Quote from: "brendan1"
I've always wanted to write a book, and think I've "got one in me" because I'm arrogant like that, but when you say so many novelists can't make a living, one has to wonder - if that is true, and I have no reason to disbelieve you -  how do useless cunts like Dan Brown and James Patterson earn a living via the literary drivel they churn out?

Is it marketing? Luck? Connections?

Obviously Patterson had a whole cadre of advertising and media chums to plug his shite via his old "day job", and he also had an expert insight on what "sells", but Christ almighty, his books are shite.

Well, Patterson and Brown are in the 0.1% who make a living because lots of people buy their books. That sounds like a glib answer, I know, but it really is as simple as that.

Now, as to WHY lots of people buy their books... That's a question that requires a somewhat longer answer. The truth is that the average reader doesn't devote much time to reading. I don't know the exact figures but I'd be surprised if the average person reads more than ten books a year. Books aren't a huge part of their lives - they just don't care all that much. So their primary criteria for choosing a book are recommendation by friends, brand recognition and market visibility... This last one is key: people pick the fruit of the best-seller tree and don't often forage any deeper.

So best-sellers are best-sellers because they're best-sellers! Gotta love that!

That part of it is all down to marketing: a successful book rarely has anything to do with the quality of the writing or the storytelling, because success is judged on sales and the sales are almost entirely the product of the skills of the publicity department.

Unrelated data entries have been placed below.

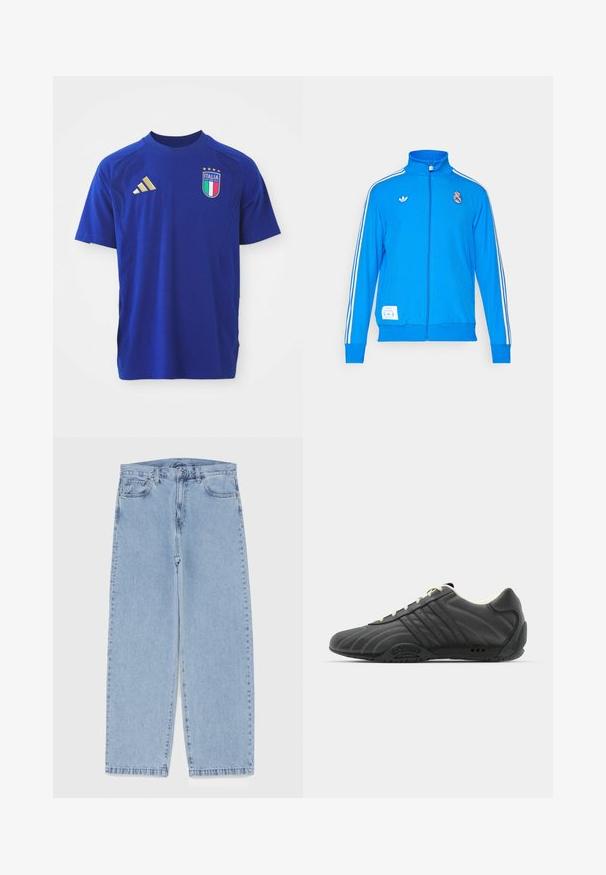 adidas Originals REAL MADRID ICON TRACK TOP - Klubové oblečení - bluebird/white; Modrá krátkotrávná sportovní košile vyrobená z měkké tkaniny. Na pravém rameni je zlaté logo Adidas a na hrudi se nachází emblém Itálie.; Světle modré džíny s rovnými nohavicemi, středním pasem, pěti kapsami a zapínáním na knoflík a zip.; adidas Originals ADIRACER UNISEX - Tenisky - core black/cream white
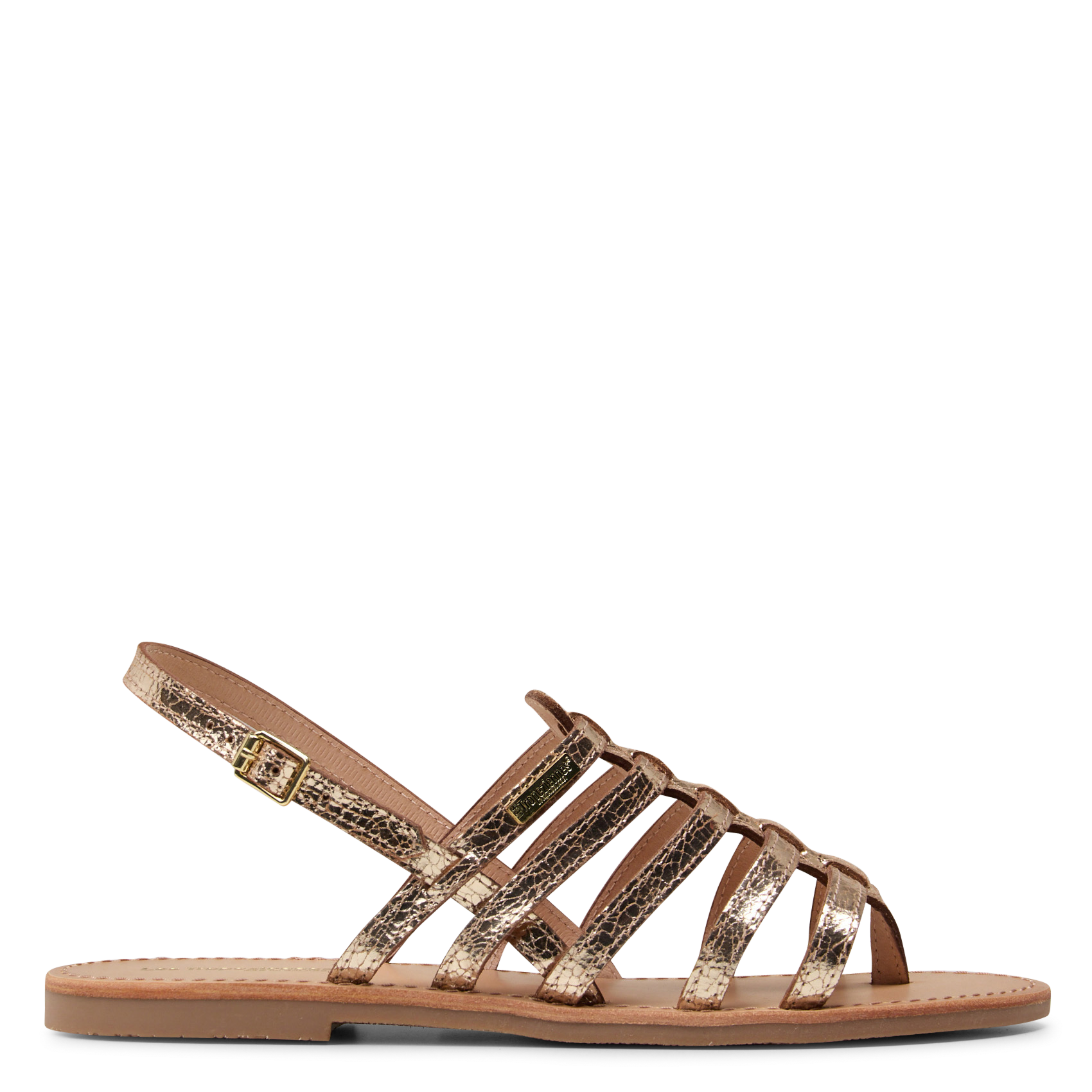 Sandales plates à bout rond en cuir LES TROPEZIENNES PAR M.BELARBI Doré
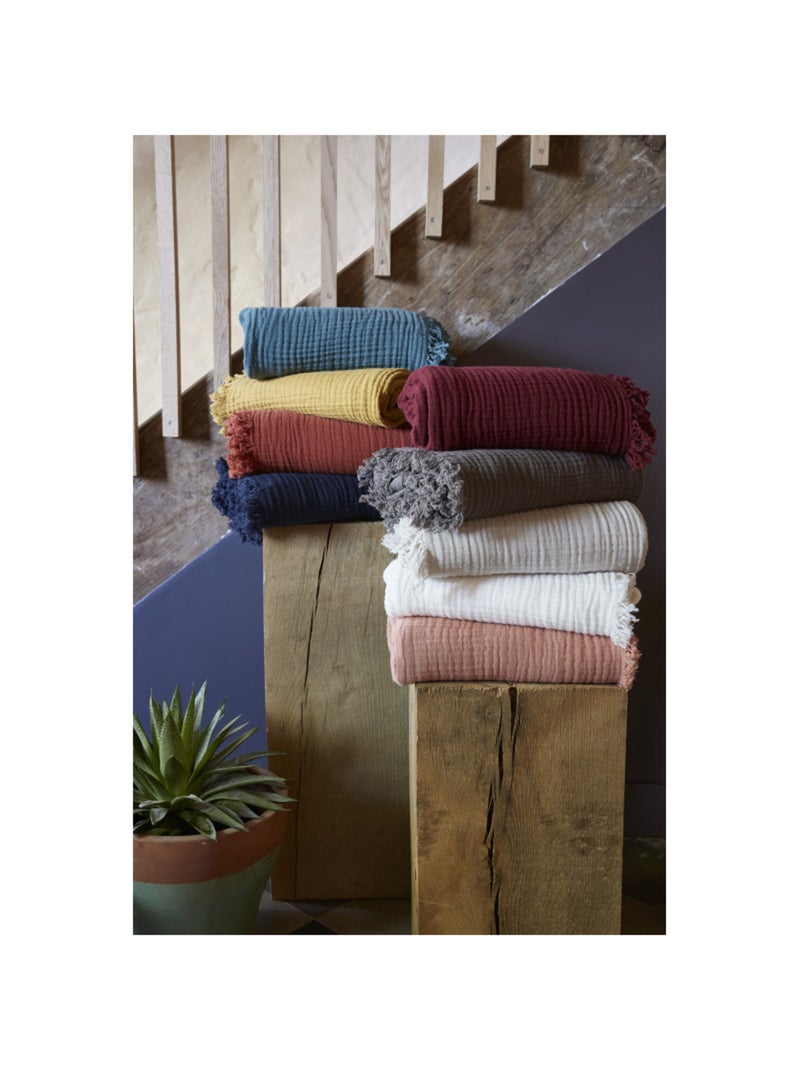 Plaid - L'effet papillon - 100% gaze de coton 125 gr/m² Terracotta - Kiabi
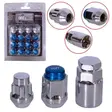 KIT SEGURIDAD HEXAGONAL CONICA AZUL RW ROSWHEEL 5PCS 32MM / 12PCS 33MM 12X1.50 D19 NIQUELADO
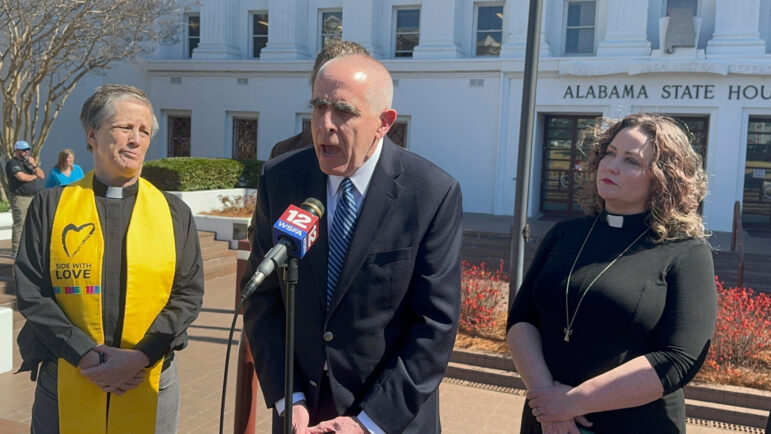 Chuck Poole joins other religious leaders to speak in front of the Alabama Statehouse against bills that would mandate religious texts and instruction in schools.
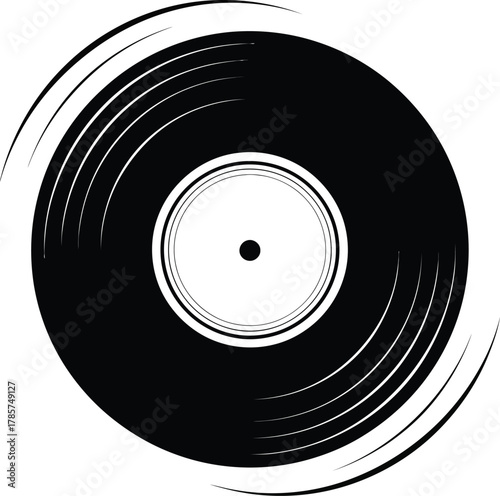 Vinyl record illustration black and white music audio disc vector image eps silhouette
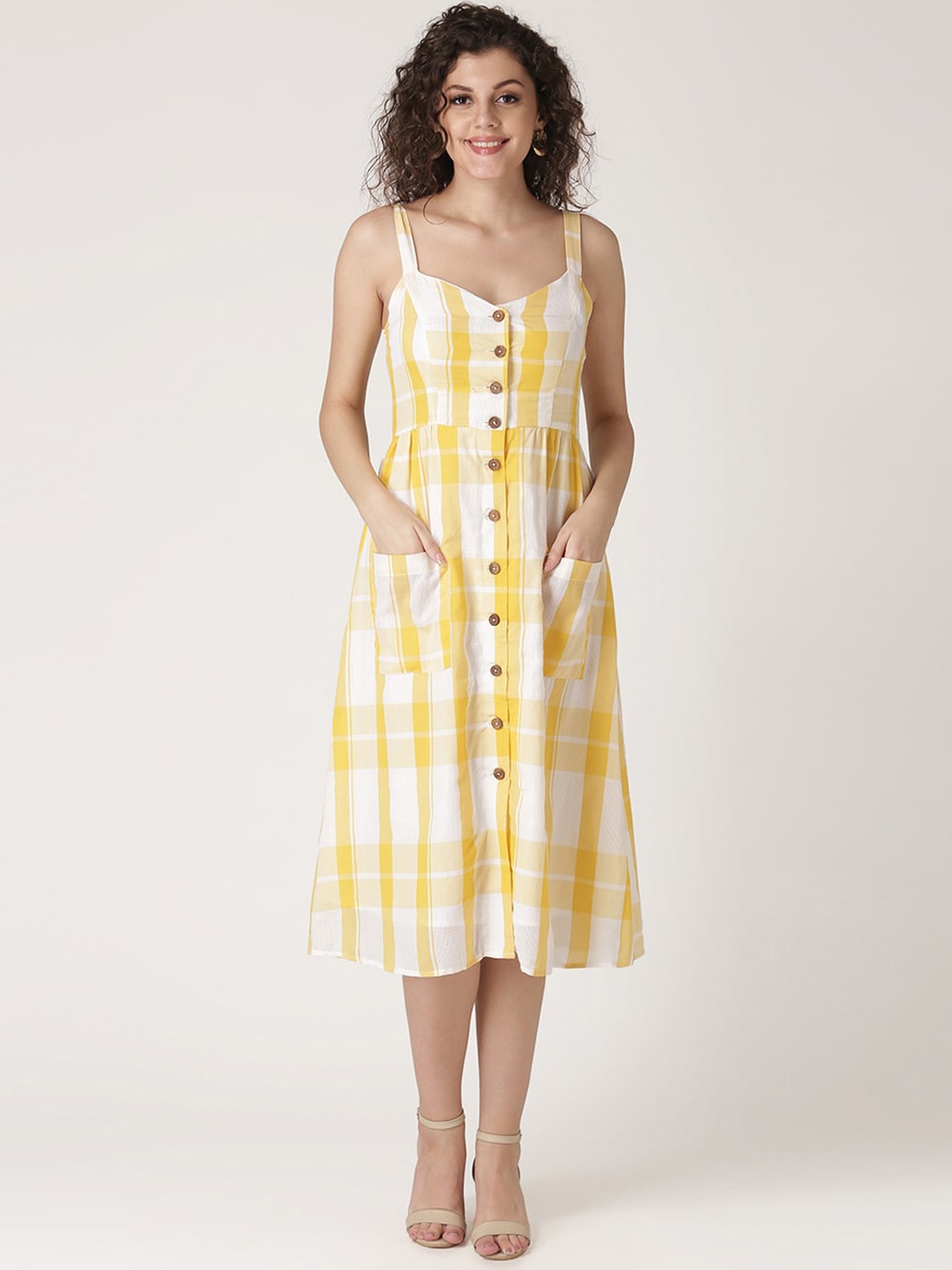 

DIVA WALK EXCLUSIVE Women Yellow Checked A-Line Dress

In many cases the publishers decide in advance which books will be their best-sellers. To make a book a best-seller the publishers offer quantity-based discounts to the big bookstore chains (seventy or even eighty per cent isn't unheard of), and on top of that they buy prime shelf-space to ensure maximum visibility: those big window displays of the latest best-sellers in your local bookstore don't come cheap!

Sometimes a book will break through on its own, but this really only happens maybe once a year. The Da Vinci Code is a textbook example: its initial sales were about average, but somehow it caught the public imagination and people started talking about it. The publishers capitalised on this and started pushing it like crazy. Pretty soon everyone was buying it to see what the fuss was about.

It's possible for a publisher to deliberately ignite the public interest, but it's a very unpredictable science. One Big Name publisher (who shall remain nameless) recently paid a huge advance - seven figures in UK money - to a new author for a three-book contract, and they used that as the focus of their publicity campaign: "Look at how much money we're giving this author! That just shows you how much confidence we have in the books!" When the first book was published the author was interviewed dozens of times on prime-time TV, radio, top newspapers... The sort of blanket coverage of which every author dreams. Unfortunately, all the interviews focussed on the impressive advance and pretty much ignored the books.

The books themselves - while certainly not terrible - were nothing particularly special and sales were only slightly above average. So the bookstores were left with thousands of unsold hardbacks, which meant that when the second volume was published a lot of the bookstores didn't want to know. A friend of mine who's well-immersed in the book trade receives the UK's sales figures every week, and through those figures we were able to calculate that said publisher would have to sell the same amount of books more than three hundred times over just to recover their costs.

To break that down:
Let's say that the advance was £1,000,000 (it was actually quite a lot more than that, but let's keep things simple).
Let's say the hardback sells for £10 in the shops... Out of that, the author will receive a royalty of about 5% - 50p a copy.
£1,000,000 divided by 50p means that the publisher has to sell 2 million copies (of the three books in total, not of each book) to cover the advance.
However, since the publisher offered huge discounts to the distributors and bookstores, the author's royalty would be reduced. Let's say it's down to 3.5%. This means sales of 2,857,143 copies to break even.
But we haven't even added the costs of publicity yet... Advertising isn't cheap. We'll err on the side of thriftiness and give them a budget of £100,000... Now they have to sell 3,142,857 books, but a book that sells well but isn't a genuine best-seller might shift (in the UK) 30,000 copies over the course of its life.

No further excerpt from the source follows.